Questions have also been raised about whether rapidly growing economies such as China and India and their expanding foreign investments, especially the Chinaproposed Belt and Road Initiative, would undermine the puritan dictum of SouthSouth cooperation that propagates “de-linking” lessdeveloped economies from the exploitative global North. Even the expanding foreign aid from China and India has been questioned, as many fear it might compromise democratic and human rights in developing countries, because the aid comes with no strings attached.
Since China and India are also investing in advanced industrialized countries, will their actions dilute BRICS’ commitment to South-South cooperation?
If anything, BRICS states are widely recognized today for their inflecting economic reforms and restructuring, which have resulted in policy innovations guiding their inclusive development and poverty eradication initiatives, and providing inspiring examples for developing and less-developed countries.
The South-South cooperation paradigm evolved in the late 1960s. Recognizing the subservient nature of their relations with the advanced economies, many scholars suggested that less-developed countries “de-link” from the North as a way to forge stronger economic ties among developing countries.
BRICS today presents a success story of that original paradigm. In purchasing power parity terms, BRICS accounts for more than 30 percent of the global GDP and accounts for more than half of global growth, which have given the group power to influence global trends and trajectories.
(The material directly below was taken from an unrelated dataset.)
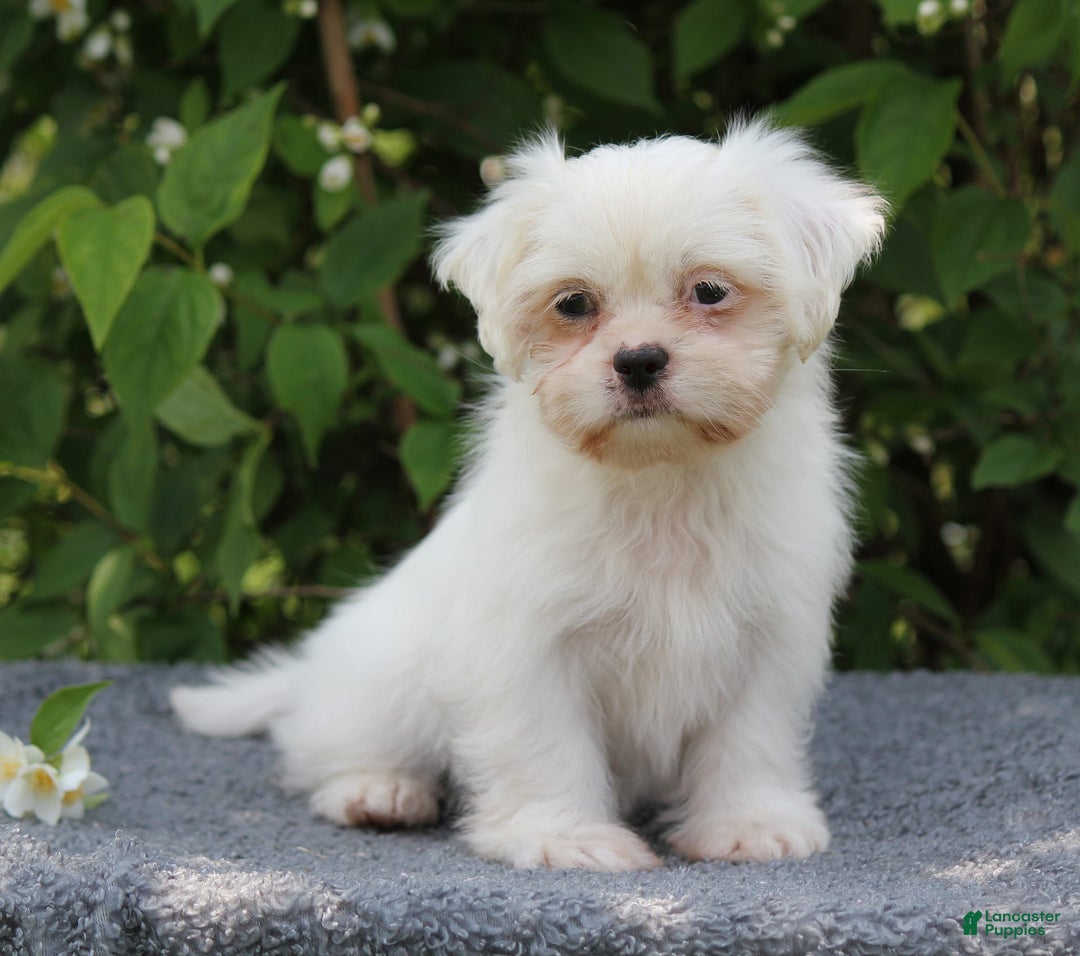 Shihpoo dogs for sale: Diamond - Image 5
Grounded in the South-South cooperation paradigm, intra-BRICS trade, as percentage of their total foreign trade, doubled from 6 percent to 12 percent between 2001 and 2015. And BRICS states have taken a common stance at various international forums on trade, services, investment and e-commerce, as well as at rule-making world bodies.
The outlook on BRICS states’ further integration remains promising given the establishment of the New Development Bank and the BRICS Contingent Reserve Arrangement, which have already started financing projects in various developing countries. Symbolizing BRICS macro-policy coordination, they have enhanced BRICS’ leading role in SouthSouth cooperation. Besides, the NDB and the Asian Infrastructure Investment Bank have already prompted the Bretton Woods financial institutions to implement reforms, in order to give developing countries greater say. And BRICS states’ minisummits on the sidelines of G20 gatherings have offered new ways to democratize the global governance structure and process.
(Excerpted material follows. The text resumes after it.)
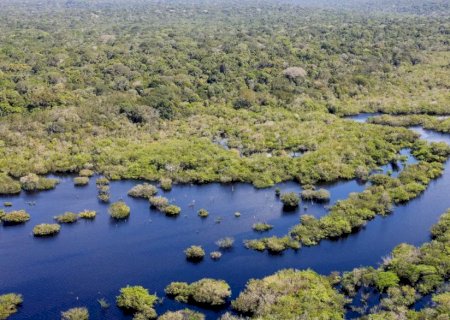 Quase todos os biomas registraram redução do desmatamento em 2024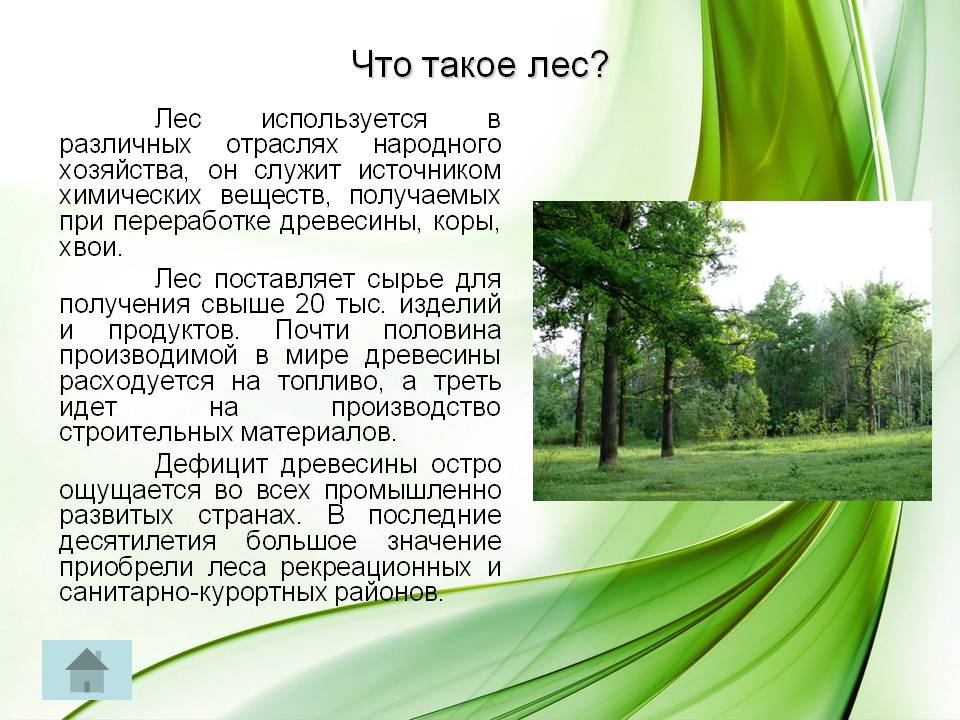 Что такое лес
Indeed, enterprises based in BRICS states have established a unique culture of investment, technology sharing and market management, which is totally different from the patron-client model of the multinationals from the industrialized North. At the BRICS seminar on governance in Quanzhou, East China’s Fujian province, last week, which I attended, China International Publishing Group signed a series of cooperation agreements with various publishers from the other four BRICS states, and its vice-president Wang Gangyi urged all sides to make concerted efforts to engage in substantial research and advice “to promote BRICS to become a new leading platform for South-South cooperation”.
BRICS has especially benefited from the economic buoyancy of China and India, as well as the continued sluggishness in the economies of the global North. China and India have emerged as major investors in infrastructure construction, information and communications technologies and energy. Here, BRICS provides them a with unique forum to coordinate their perspectives to maximize benefits.
BRICS represents a strong source of empowerment and inspiration for most developing countries. Given this fact, the idea of inviting several developing countries to the upcoming BRICS Summit in Xiamen, Fujian province, and forging new partnerships under the “BRICS Plus” arrangement holds the promise of making BRICS a stronger platform for South-South cooperation.